(together with Werner Hemsing and Lorenz Gräf, Globalpark AG)
In order to study panel attrition and optimal gratification strategy for survey participation, a study has been carried out at Globalpark AG. A commercial online access panel has been analyzed with regard to drop-out and incentives given to participants. An online access panel is a group of internet users that are invited to participate in surveys on a regular basis. Participants might be recruited both in the world wide web, offline (e.g. by means of CATI), or based on pre-existing databases. The representativity of an online access panel largely depends on the recruiting of the panel members. For surveys, panel members are drawn randomly or by selecting them according to certain characteristics. Consequently, different panel members participate in different surveys.

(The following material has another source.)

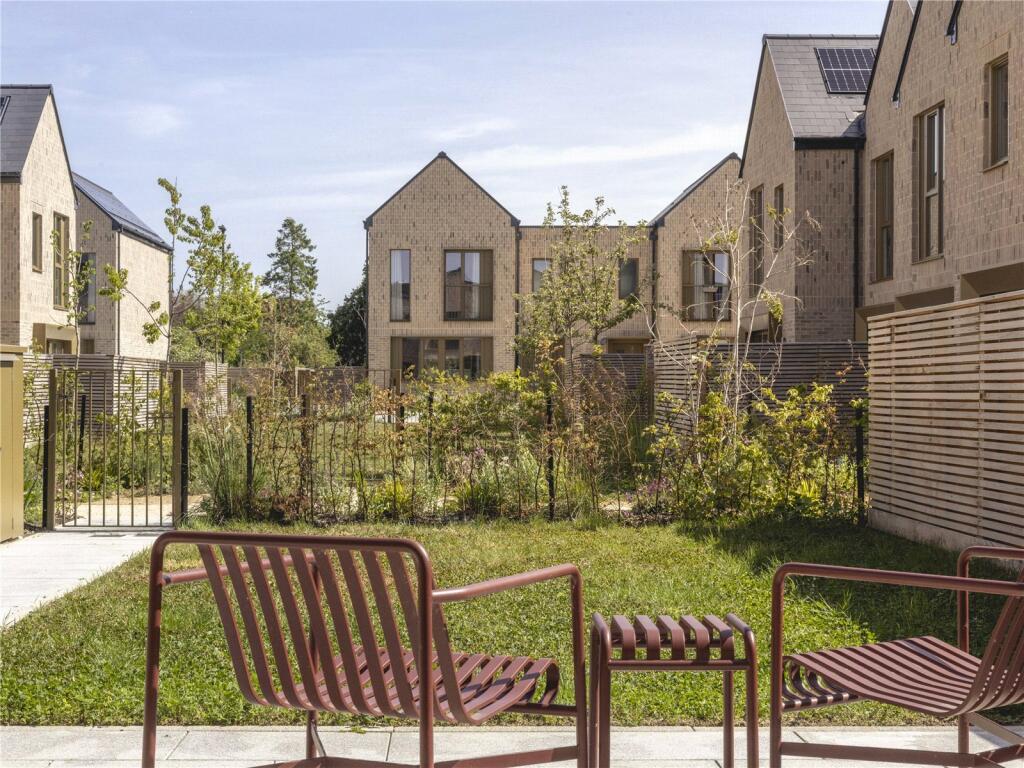 House in Cambridge - View 5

Within the scope of a study undertaken by the research department of Globalpark AG, the consequences of different gratification strategies and frequency of invitations for surveys on panel attrition has been analyzed. 699 panel members were recruited in August and September 2000 and filled out the initial questionnaire. These panel members habe been surveyed over the next two and a half years up to 12 times. The participants of three of these surveys took part in raffles. Three surveys did not come with any incentive. Six out of the twelve surveys came with bonus points that could be exchanged into shopping vouchers. On average, the 699 panel members have been invited to 6.3 surveys. The average participation rate (answering at least one question) was 61%. In April and May 2002, four surveys had been conducted that again invited the 699 panel members. These four surevys serve as a bench mark whether or not the panel members are still active. 406 panel members reacted to the invitations and answered at least one question. This is equivalent to a participation rate of 58% (see figure 1).

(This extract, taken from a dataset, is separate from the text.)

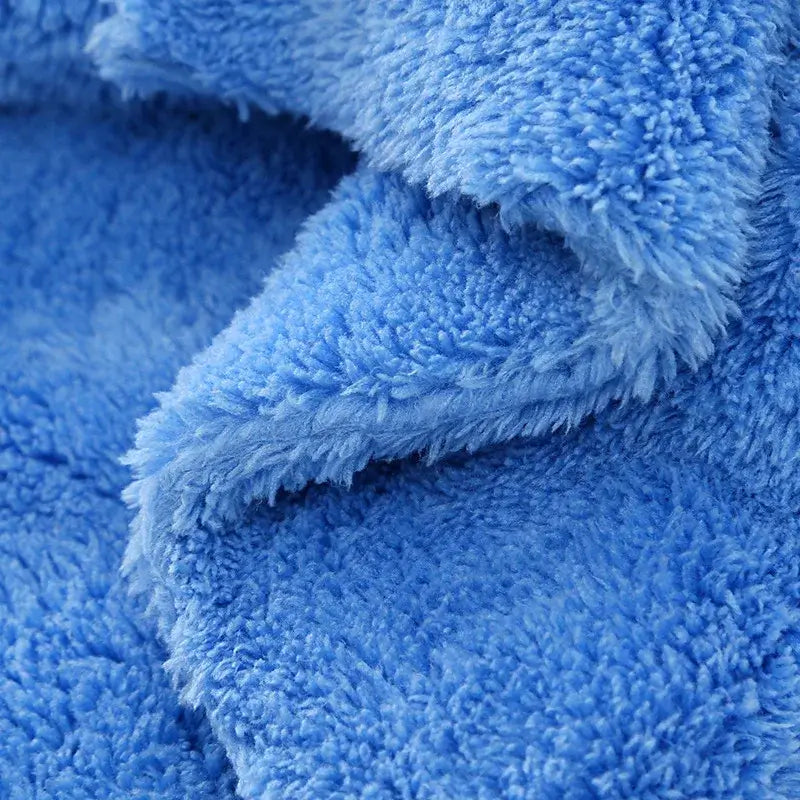Breathable and gentle cotton face wash towel, ideal for daily skincare and household cleaning tasks.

Frequent invitations to surveys foster the readiness to remain in the panel. Those panel members that left the panel had been invited to 5.5 surveys on average. Members that remained in the panel, in contrast, had been invited to 7.3 surveys on average (see figure 3). The relation between frequency of invitation and panel attrition is shown in more detail in figure 4. Almost 70% of the panel members that received nine ore more invitations were still active in April and Mai 2002. Conversely, panel members that received only few invitations had a high probability of leaving the panel.
Hemsing, W., Müller, J. & Gräf, L. (2002). Panel attrition in relation to different kinds of incentives. Presentation at the 5th German Online Research Conference, Hohenheim.